Pertama, anak-anak dapat terbangun sikap empatinya. Mereka mau tidak mau akhirnya mengontrol diri ketika berada dalam situasi melayat. Kalau biasanya di kelas mereka bersenda gurau, saat dalam suasana melayat tentu tenang, merasa sedih, dan merenung. Bersikap santun terhadap orang-orang yang dijumpainya.
Kedua, Â bukan mustahil dalam suasana melayat dan melihat temannya sedih, akhirnya muncul sikap memberikan semangat kepada temannya itu. Dalam konteks demikian, mendidik mereka menjadi lebih dewasa bukan? Hukum memberi dan menuai lahir dalam keadaan tersebut. Mereka memberi motivasi (untuk temannya), sekaligus mendapatkan kedewasaan (bagi dirinya).
Hal yang amat fundamental bagi dirinya sebagai makhluk ciptaan Tuhan, aktivitas melayat tersebut dapat mendidik mereka menjadi pribadi yang semakin menyadari bahwa kehidupan diakhiri dengan kematian. Maka, sudah seharusnya dalam keberlangsungan hidupnya diisi dengan kebaikan dan semangat.
Untuk bisa sampai ke kesadaran yang seperti itu, tentu guru memiliki peran pokok. Maka, penting kiranya selesai aktivitas melayat bersama diisi dengan kegiatan refleksi di sekolah, yang dipimpin oleh guru. Dengan begitu, aktivitas melayat bersama memiliki dampak moral dalam diri siswa.

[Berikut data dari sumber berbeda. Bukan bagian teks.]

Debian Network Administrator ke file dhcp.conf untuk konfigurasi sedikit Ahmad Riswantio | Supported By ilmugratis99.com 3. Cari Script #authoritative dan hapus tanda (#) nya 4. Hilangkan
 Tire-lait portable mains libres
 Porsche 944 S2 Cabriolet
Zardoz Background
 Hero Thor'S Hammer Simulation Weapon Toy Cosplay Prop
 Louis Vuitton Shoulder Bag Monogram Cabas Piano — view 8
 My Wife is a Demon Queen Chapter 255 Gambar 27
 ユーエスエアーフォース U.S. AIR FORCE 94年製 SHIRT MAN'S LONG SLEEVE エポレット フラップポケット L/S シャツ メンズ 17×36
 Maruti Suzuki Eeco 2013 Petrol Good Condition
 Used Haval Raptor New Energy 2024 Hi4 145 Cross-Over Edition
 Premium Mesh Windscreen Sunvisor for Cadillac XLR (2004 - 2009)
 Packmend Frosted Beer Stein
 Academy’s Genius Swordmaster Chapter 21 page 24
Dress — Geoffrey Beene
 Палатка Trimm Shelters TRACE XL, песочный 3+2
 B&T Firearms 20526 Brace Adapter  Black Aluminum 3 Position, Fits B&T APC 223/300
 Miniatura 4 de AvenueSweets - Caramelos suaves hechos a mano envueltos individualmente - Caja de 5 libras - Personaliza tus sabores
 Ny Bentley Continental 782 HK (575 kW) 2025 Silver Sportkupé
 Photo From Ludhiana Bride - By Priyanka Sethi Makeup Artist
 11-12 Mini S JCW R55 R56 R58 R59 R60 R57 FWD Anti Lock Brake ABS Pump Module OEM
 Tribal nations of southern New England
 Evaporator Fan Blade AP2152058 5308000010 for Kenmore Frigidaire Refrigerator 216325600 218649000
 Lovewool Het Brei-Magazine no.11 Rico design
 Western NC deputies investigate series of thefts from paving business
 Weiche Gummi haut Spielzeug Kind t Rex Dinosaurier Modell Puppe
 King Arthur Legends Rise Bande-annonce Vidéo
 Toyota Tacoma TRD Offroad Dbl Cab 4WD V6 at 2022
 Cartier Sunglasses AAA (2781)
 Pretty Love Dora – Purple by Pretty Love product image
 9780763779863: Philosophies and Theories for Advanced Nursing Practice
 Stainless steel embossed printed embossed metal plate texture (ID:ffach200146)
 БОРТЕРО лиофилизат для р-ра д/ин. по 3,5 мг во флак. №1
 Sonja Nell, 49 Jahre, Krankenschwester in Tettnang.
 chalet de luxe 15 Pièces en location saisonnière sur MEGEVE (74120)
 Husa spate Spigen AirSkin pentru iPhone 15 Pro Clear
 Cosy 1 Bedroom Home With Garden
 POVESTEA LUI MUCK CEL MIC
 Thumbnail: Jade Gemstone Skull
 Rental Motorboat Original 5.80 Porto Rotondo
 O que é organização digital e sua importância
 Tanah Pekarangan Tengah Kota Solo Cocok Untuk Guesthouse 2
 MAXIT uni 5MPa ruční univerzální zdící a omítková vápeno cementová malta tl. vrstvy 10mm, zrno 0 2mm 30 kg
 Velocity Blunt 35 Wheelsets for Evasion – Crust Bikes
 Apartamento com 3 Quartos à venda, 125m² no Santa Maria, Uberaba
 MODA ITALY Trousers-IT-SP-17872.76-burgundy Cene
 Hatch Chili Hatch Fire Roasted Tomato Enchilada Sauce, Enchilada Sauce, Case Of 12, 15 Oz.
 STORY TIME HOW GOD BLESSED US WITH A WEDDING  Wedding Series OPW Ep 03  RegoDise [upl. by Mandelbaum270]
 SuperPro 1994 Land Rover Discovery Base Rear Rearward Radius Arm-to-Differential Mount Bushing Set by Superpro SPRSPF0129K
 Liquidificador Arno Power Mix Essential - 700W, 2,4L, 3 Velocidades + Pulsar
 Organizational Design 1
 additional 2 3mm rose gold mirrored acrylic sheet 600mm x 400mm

Saya menulis ini bukan berarti saya sudah melakukannya terhadap anak didik saya. Bukan. Akan tetapi, tiba-tiba saat menulis artikel ini muncul ide mengembang ke arah ini. Oleh karena itu, saya patut mengajak diri saya sendiri untuk merealisasikan ide ini ketika, entah kapan dan di mana, saya menghadapinya bersama anak didik di sekolah. Anda bagaimana?